• [What the task requires]
Set down, exactly and in full, the line holding "Infinix Hot 30i" and all the lines after it until the listing ends, and nothing else.
::::::
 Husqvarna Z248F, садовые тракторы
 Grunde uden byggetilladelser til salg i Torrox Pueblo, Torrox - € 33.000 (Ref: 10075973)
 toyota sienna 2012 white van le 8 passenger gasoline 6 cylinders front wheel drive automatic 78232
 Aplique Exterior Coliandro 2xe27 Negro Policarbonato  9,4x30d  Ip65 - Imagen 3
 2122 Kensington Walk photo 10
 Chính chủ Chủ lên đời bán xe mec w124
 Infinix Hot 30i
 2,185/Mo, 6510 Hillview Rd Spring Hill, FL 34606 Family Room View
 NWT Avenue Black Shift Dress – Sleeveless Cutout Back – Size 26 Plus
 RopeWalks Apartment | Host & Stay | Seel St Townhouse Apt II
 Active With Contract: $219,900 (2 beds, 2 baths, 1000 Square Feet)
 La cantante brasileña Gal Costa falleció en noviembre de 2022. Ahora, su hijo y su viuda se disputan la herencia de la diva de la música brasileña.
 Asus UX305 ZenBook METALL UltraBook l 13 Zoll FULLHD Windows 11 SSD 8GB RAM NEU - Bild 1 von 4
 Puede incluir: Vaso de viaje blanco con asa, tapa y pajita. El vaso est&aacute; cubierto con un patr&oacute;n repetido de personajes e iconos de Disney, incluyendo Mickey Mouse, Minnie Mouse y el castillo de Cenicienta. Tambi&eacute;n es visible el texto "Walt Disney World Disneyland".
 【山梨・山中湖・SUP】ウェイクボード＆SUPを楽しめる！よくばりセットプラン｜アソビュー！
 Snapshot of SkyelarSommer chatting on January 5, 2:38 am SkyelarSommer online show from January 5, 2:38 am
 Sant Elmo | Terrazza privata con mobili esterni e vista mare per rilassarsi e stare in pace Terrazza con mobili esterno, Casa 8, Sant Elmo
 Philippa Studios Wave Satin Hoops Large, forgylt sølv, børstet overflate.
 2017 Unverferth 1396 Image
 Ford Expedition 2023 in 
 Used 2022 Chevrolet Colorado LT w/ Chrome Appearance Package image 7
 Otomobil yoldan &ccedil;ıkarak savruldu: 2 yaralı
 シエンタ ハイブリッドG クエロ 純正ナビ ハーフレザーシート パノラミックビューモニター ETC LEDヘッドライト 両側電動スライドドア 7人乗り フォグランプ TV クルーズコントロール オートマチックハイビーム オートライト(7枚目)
::::::
• [Answer below]
 Infinix Hot 30i
 2,185/Mo, 6510 Hillview Rd Spring Hill, FL 34606 Family Room View
 NWT Avenue Black Shift Dress – Sleeveless Cutout Back – Size 26 Plus
 RopeWalks Apartment | Host & Stay | Seel St Townhouse Apt II
 Active With Contract: $219,900 (2 beds, 2 baths, 1000 Square Feet)
 La cantante brasileña Gal Costa falleció en noviembre de 2022. Ahora, su hijo y su viuda se disputan la herencia de la diva de la música brasileña.
 Asus UX305 ZenBook METALL UltraBook l 13 Zoll FULLHD Windows 11 SSD 8GB RAM NEU - Bild 1 von 4
 Puede incluir: Vaso de viaje blanco con asa, tapa y pajita. El vaso est&aacute; cubierto con un patr&oacute;n repetido de personajes e iconos de Disney, incluyendo Mickey Mouse, Minnie Mouse y el castillo de Cenicienta. Tambi&eacute;n es visible el texto "Walt Disney World Disneyland".
 【山梨・山中湖・SUP】ウェイクボード＆SUPを楽しめる！よくばりセットプラン｜アソビュー！
 Snapshot of SkyelarSommer chatting on January 5, 2:38 am SkyelarSommer online show from January 5, 2:38 am
 Sant Elmo | Terrazza privata con mobili esterni e vista mare per rilassarsi e stare in pace Terrazza con mobili esterno, Casa 8, Sant Elmo
 Philippa Studios Wave Satin Hoops Large, forgylt sølv, børstet overflate.
 2017 Unverferth 1396 Image
 Ford Expedition 2023 in 
 Used 2022 Chevrolet Colorado LT w/ Chrome Appearance Package image 7
 Otomobil yoldan &ccedil;ıkarak savruldu: 2 yaralı
 シエンタ ハイブリッドG クエロ 純正ナビ ハーフレザーシート パノラミックビューモニター ETC LEDヘッドライト 両側電動スライドドア 7人乗り フォグランプ TV クルーズコントロール オートマチックハイビーム オートライト(7枚目)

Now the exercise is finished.